Common goals – a shared vision As legislators and representatives of business and civil society we support the vision set out by the G8, under the Japanese presidency, including the global goal of a 50 per cent reduction in greenhouse gas emissions by 2050. Parties must unite around a vision to limit the global temperature increase to at most 2C above pre-industrial levels. Global emissions growth must be stabilized by 2020 and emissions must be halved by 2050 compared to 1990 levels. Such a goal will require action by ALL countries. Under the principle of common but differentiated responsibility, industrialised countries should lead the way by taking on deep, binding emissions reduction targets. Whereas advanced developing countries should take steps to control and stabilise their own emissions by 2020, in line with their respective capabilities and with a view to making future absolute emissions reductions. This action should be conditional on: •

industrialised countries having delivered an aggregate reduction of 30 per cent from 1990 levels by 2020



measurable, reportable and verifiable financial and technological assistance to developing countries from industrialised countries

Technology and capacity building In that context, we support the launch of the Climate Investment Fund by the World Bank at the G8 Summit in Japan and urge industrialised countries to pledge financial support ahead of the COP14 in Poznan. However, to be effective in fighting climate change, and realize the full potential of clean renewable technologies, we will need all actors to be on board and they will need effective standards and tools with which to work. Climate policies must have a strong base of democratic accountability where the role of Parliament is crucial. People of all countries have a right to be heard and to actively participate in the elaboration of National positions in the UNFCC negotiations. The Copenhagen agreement must allow for a bottom-up approach and develop frameworks and tools to enable action, not only for nation states, but also for business and civil society to develop tools that can drive technological development and benefit-sharing (financial and other control over resources such as land). With this view we recognise that: 1



Global Sectoral Agreements that cut across the borders of the nation state should be developed. Each industrial sector should agree on sectorspecific issues such as the promotion of key-technologies, burdensharing, human rights, gender equality, technology transfer, financing and on how to measure, report and verify emissions. Private-public partnerships on a national, regional or global level should be promoted and facilitated.

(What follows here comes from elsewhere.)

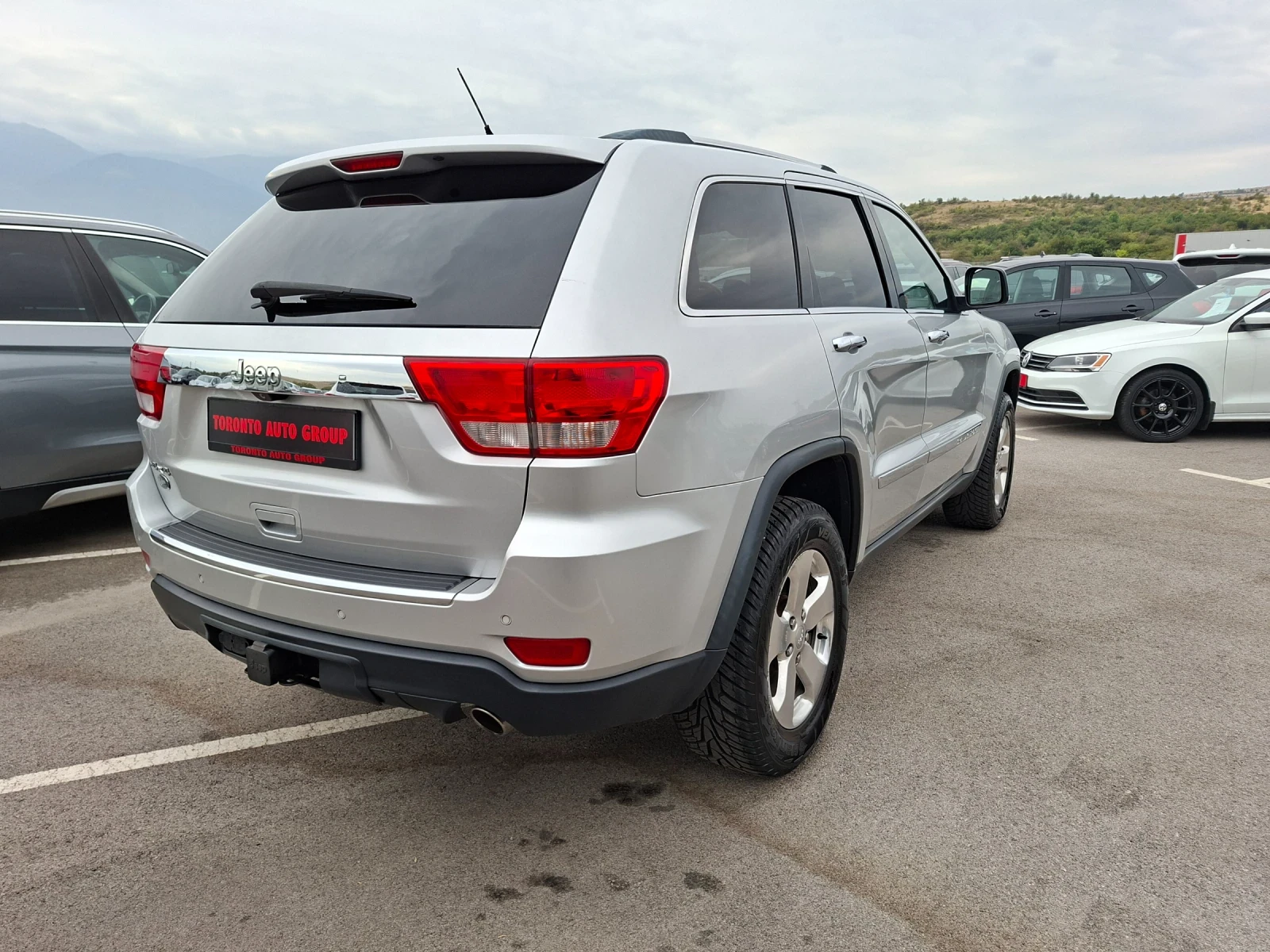 Jeep Grand cherokee 3.6 overland - изображение 5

Clean technologies have a huge potential in terms of job creation and improving economic and social prosperity. We need more research, development and supporting structures to enhance the diffusion of existing patented and retrofitted technologies.



Emphasis should be given to broad-scale communication to citizens and consumers to drive awareness of energy-efficiency and sustainable consumer behaviour.



Given that millions of poor men and women affected by climate change live and work outside the reach of formal markets, clean energy technologies must be developed and accessible not only for use on a large scale in industrialized economies, but also at an appropriate level for developing countries based on their needs and their particular vulnerabilities. The Framework for Technology Transfer and the allocation of global funds (such as the Global Environmental Facility) should address this issue as a matter of ensuring climate justice and fair burden-sharing.

Climate Justice and Human Rights It is also crucial that industrialised countries take strong and immediate steps to increase assistance to the least developed countries for adaptation. Climate change impacts in particular on the world´s poorest and most vulnerable communities, including indigenous people. By the year 2050, 8 billion of the projected 9 billion global population will live in what are currently classified as developing countries. This dilemma substantially threatens achievement of the MDGs. Although estimates of the cost of adaptation in the developing world are very difficult to quantify, and can be indicative only, we estimate that, at best, 1 per cent of the resources required are currently available via the levy on the CDM mechanism. Hence new and innovative ways to create extra funding must be found, ideally based on the “polluter pays” principle. As the poorest contribute least to the changing climate, this raises a question of justice and calls for the need for equitable solutions. Polluters must be held responsible for the damage they cause. Therefore we believe it is imperative that; 2



Climate justice is recognized as a guiding principle for the upcoming negotiations in Copenhagen. The real impact of a successor to the Kyoto protocol should be measured by universally acknowledged Human Rights Standards.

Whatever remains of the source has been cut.